What can local hunters do to find good shooting as the weather and hunting pressure begin to scramble early season bird numbers and locations?

First, know that when heavy clumps of mud are clinging to your hunting boots, the usually tried and true method of hunting an evening waterhole is probably a lost cause.

That being said, doves still have to water each day, so if you happen to see birds flying into a water source — from a cattle tank to a patch of ground water in a pasture loaded up with sunflowers and dove weed — don’t overlook such wet spots. Also keep in mind that the further west you go in Texas and Oklahoma, the less rainfall there was, so it’s conceivable that there might still be some decent waterhole shooting somewhere.

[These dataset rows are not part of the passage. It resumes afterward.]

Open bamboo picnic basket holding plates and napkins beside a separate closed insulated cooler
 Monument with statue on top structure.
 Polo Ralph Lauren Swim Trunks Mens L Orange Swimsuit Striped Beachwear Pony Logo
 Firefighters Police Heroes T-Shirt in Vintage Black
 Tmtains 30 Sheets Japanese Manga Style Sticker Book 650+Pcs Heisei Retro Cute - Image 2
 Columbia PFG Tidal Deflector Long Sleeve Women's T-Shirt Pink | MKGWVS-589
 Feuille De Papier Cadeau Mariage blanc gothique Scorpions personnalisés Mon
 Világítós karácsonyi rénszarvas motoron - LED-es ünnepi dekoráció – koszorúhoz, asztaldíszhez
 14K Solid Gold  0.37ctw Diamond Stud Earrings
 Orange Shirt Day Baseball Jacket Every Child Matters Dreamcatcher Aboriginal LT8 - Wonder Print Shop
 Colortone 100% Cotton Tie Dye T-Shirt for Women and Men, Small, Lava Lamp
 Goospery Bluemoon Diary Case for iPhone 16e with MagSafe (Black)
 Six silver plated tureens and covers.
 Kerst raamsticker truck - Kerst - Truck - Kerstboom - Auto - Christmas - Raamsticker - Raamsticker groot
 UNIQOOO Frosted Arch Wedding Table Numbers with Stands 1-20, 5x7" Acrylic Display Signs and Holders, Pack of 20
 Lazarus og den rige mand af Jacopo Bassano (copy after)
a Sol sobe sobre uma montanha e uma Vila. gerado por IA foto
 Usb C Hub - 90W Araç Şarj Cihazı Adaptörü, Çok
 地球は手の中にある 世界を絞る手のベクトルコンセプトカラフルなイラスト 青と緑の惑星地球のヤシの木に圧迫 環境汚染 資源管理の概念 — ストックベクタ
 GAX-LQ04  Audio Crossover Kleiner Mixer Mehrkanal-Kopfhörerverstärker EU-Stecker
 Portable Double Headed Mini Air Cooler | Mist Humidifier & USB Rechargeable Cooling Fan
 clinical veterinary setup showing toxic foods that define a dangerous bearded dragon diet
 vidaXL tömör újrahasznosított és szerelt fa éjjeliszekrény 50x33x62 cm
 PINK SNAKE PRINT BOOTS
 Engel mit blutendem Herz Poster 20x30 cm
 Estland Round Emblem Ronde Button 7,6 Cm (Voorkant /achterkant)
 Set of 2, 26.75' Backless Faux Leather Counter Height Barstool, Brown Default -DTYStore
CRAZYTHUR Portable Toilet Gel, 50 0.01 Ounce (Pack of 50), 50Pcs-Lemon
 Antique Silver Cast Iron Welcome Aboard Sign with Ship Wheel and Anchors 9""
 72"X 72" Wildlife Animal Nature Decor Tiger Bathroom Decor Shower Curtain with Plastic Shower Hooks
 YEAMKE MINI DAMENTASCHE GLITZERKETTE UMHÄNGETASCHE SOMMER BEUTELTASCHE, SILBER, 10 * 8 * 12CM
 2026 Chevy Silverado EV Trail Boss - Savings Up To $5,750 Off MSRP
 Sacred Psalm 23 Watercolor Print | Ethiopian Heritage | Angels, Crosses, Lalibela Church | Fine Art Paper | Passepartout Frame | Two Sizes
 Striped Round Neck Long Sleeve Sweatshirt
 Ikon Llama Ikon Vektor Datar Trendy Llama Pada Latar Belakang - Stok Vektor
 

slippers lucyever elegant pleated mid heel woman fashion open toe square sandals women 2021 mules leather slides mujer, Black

Second, focus on the food. Milo — which is what Stowers’ bunch was targeting — is probably the best bet if it’s around. If not, areas near old wheat fields or harvested corn fields can work right now as Lillis mentioned above. And as the month of September deepens and stale birds move out and new birds push in, expect the food sources to shift towards natural seed-bearing plants.

Third, don’t overlook the prospect of hunting a flyway where doves are zipping back and forth from roosting and loafing areas to spots where they’ll feed. That’s the way that Lillis and his friends were targeting doves on Tuesday, anchoring themselves in a zone where there was plenty of aerial traffic passing through.

Finally, get out and hunt this weekend if you can since there are still lots of native birds around in certain areas. As hunting pressure mounts and a strong cold front arrives next week, things will begin to change as the migration begins in earnest and hunters wait for the arrival of so-called "Kansas doves."

Get out, have plenty of shells in your vest, and plan on enjoying some of the most fun wingshooting action that a hunter can experience as the fall dove season kicks into high gear.

As long as there aren’t any lightning bolts dancing around, that is.